The first story involves a young actress who notices her co-star hasn’t come to work in days. A late-night rush to catch the last subway train reveals why: her fellow has killed herself by jumping in front of a train (a popular method of suicide in Japan) because she thinks the actress stole a lead role from her. Now she’s out for revenge in an eerily deserted subway station, and only quick intervention from Seiya saves her life.

The second tale explores a dark facet of teen life in Japan. A teen boy meets up with two acquaintances who invite him to an exclusive club. Unknown to him, his pals run a side ‘business’ where they introduce teenage girls to older men- in short, they’re pimps. And one of their ‘clients’ was murdered by the man to whom they introduced her. The club turns out to be located in a room beneath a subway station…and once again only a warning from Seiya saves the innocent boy’s life. Story three introduces a newbie subway driver who laughs at his co-workers’ tales of ghost haunting the tunnels, until, of course, an encounter convinces him drastically otherwise.

The final tale in volume one concerns a teen girl whose life was saved when a mysterious man rescued her from a burning subway car. When she thinks she glimpses him in a subway station, the hunt is on to find out who he is.

Volume two gets ever-so-slightly weirder. A maid café employee goes missing, and three of her regular customers go to find her…in a video game. After that comes a touching story with an unsettling ending. A young amusement park worker finds the mother of a lost child, and soon wishes she hadn’t. Only the power of love can calm the spirits of children killed in anger.

The volume’s final story is about the link between all the tales: Seiya, who saves the living again and again from the wrath of the dead. Volume two also contains a collection of goofy four-panel comics involving the characters.

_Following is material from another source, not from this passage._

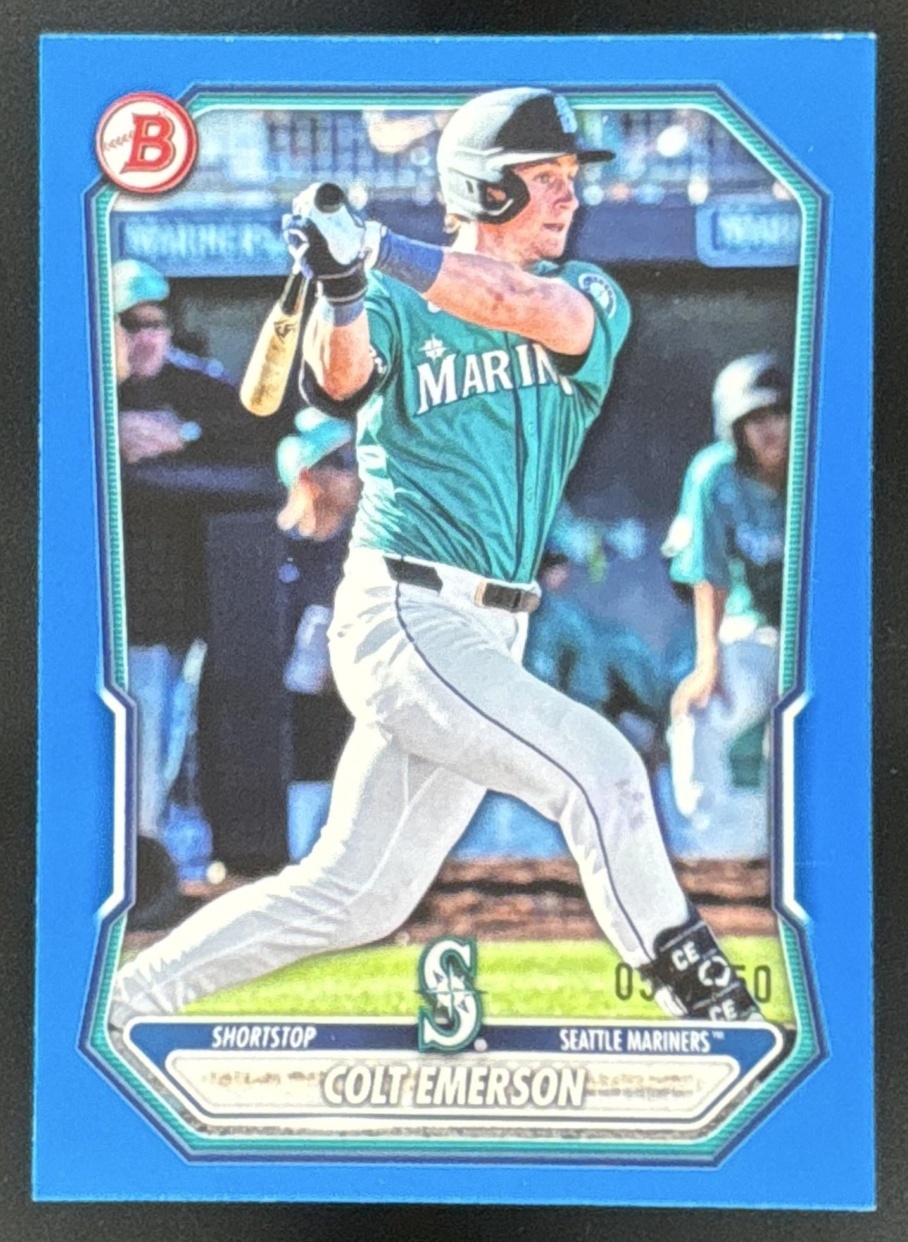 Card image for Colt Emerson 2026 Bowman Blue Pattern /150 Prospects Seattle Mariners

Horror often works best in a short-story format, since it’s difficult to sustain an atmosphere of dread over a longer work. But this also presents horror writers with a unique challenge: in a relatively short period of time, they have to engage the reader and make them believe what is happening. This can be done with a unique storyline, or with extensive development that makes the reader actually care what happens to these people. While Dark Metro has an interesting concept, it’s hardly unique and the stories are so short there’s really no place to develop the characters. Most of the intended victims are shallow and stereotypical. Even Seiya, the only recurring character, is the usual sort of bishonen with a sad, sad past (and when his tragic past is revealed, it’s so overwrought as to be unintentionally funny).We’ve met all these people before, and they’re still no interesting, even in the subway.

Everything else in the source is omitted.